Wenn ich das Fenster minimiere, schiebt es mir den Footer wieder über den Rest der Seite. er bleibt also feste am unteren Rand kleben. 

Die rosa Flächen sind da, um den Inhalt nicht hinterm Footer verschinden zu lassen, wenn es zu viel wird. Die Farbe kommt da nacher natürlich wieder raus.


Was mich bei meinem Code auch noch stört, ist, dass nur der Div mit dem Inhalt mitwächst. Der Rest, einschließllich des wrapper Divs bleiben unverändert.


----------



## versuch13 (26. April 2006)

He, ich hoffe ich habe dich richtig verstanden. Google mal nach "einmal erdgeschoß bitte".

Gruß


----------



## fanste (26. April 2006)

Das ist ja schonmal nicht schlecht.

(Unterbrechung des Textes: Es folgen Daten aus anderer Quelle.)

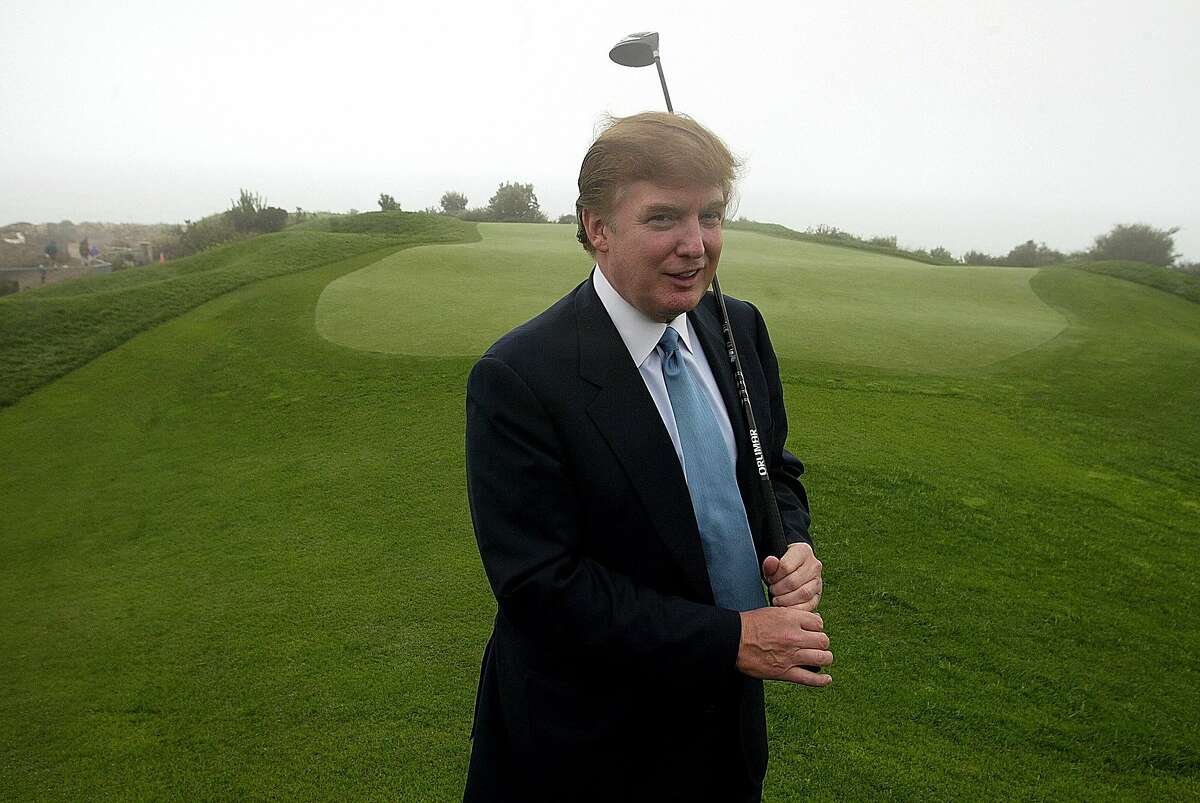 ADVANCE FOR WEDNESDAY, JULY 13, 2016, AT 12:01 A.M. EDT AND THEREAFTER - FILE - In this Nov. 9, 2002, file photo, Donald Trump holds a driver on the 11th green of his Ocean Trails Golf Club in Rancho Palos Verdes. (AP Photo/Damian Dovarganes, File)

Nur der IE scheint da mal wieder aus der Reihe zu tanzen.


----------



## Maik (26. April 2006)

fanste hat gesagt.:
			
		

> Was mich bei meinem Code auch noch stört, ist, dass nur der Div mit dem Inhalt mitwächst. Der Rest, einschließllich des wrapper Divs bleiben unverändert.


Vielleicht solltest du im DIV*.wrapper* eine Hintergrundgrafik einsetzen, die die linke Spalte simuliert und vertikal wiederholt wird.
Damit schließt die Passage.